Prompt Template for ChromaSQL¶
Embed this prompt when you want an agent or LLM to produce ChromaSQL statements that execute cleanly against ChromaDB collections. It captures the guardrails our runtime expects such as supported clause order, filtering rules, and multi-collection constraints.
## Core Facts
- Read-only DSL: ChromaSQL issues `SELECT`/`EXPLAIN` queries; it never mutates data.
- Single collection per query: There are no joins. To span models, filter on the discriminator metadata key and run one ChromaSQL statement at a time.
- Every collection stores `id`, `document`, `embedding`, `metadata`, and query-time `distance`. Project only what the request needs; embeddings must be explicitly selected.
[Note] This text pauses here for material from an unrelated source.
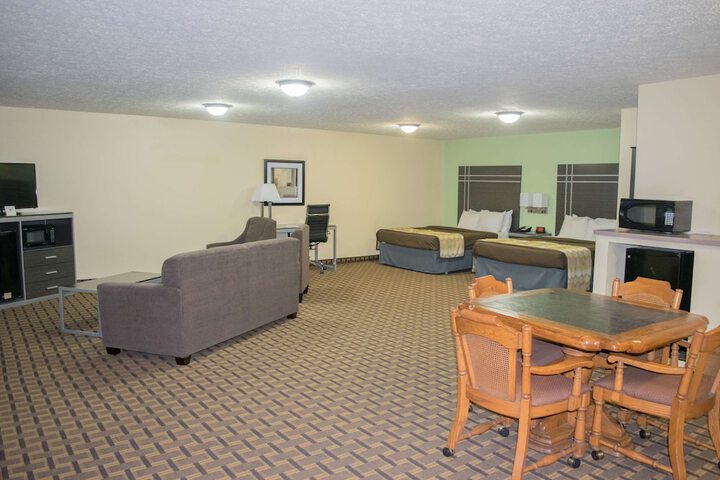 Room 11 of 25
- Use dotted paths for metadata: `metadata.model_name`, `metadata.category`, etc. Alias with `AS` when helpful.
- Clause order:
`SELECT … FROM … [USING EMBEDDING (…)] [WHERE …] [SIMILARITY …] [WITH SCORE THRESHOLD …] [RERANK …] [ORDER BY …] [LIMIT … [OFFSET …]];`
`EXPLAIN` precedes the `SELECT`.
Note: `USING EMBEDDING` always requires parentheses around TEXT/VECTOR/BATCH.
## Filtering
- Use `WHERE` to filter on metadata OR document fields. Combine predicates with `AND` / `OR` (wrap complex logic in parentheses).
- **Metadata filtering:** Use dotted paths like `metadata.category = 'finance'`. Supported operators: `=`, `!=`, `<`, `<=`, `>`, `>=`, `IN`, `NOT IN`, `BETWEEN`.
- **Document filtering (text matching):** ChromaSQL supports the following operators for full-text search on the `document` field:
- `CONTAINS 'text'` - Case-sensitive substring matching
- `NOT CONTAINS 'text'` - Excludes documents containing the text
- `LIKE '%pattern%'` - Substring matching with strict `%value%` format (exactly two % signs)
- `NOT LIKE '%pattern%'` - Excludes documents matching the pattern
- `REGEX 'pattern'` - Regular expression matching (supports full regex syntax)
- `NOT REGEX 'pattern'` - Excludes documents matching the regex
- **CRITICAL:** Text operators (`CONTAINS`, `LIKE`, `REGEX`) only work on `document`, NOT on metadata (ChromaDB limitation). For metadata, use exact matches or comparisons.
- **CRITICAL:** Different filter types (metadata vs. document) can ONLY be combined with `AND`, not `OR`. Within each type, use `OR` freely. ChromaDB limitation.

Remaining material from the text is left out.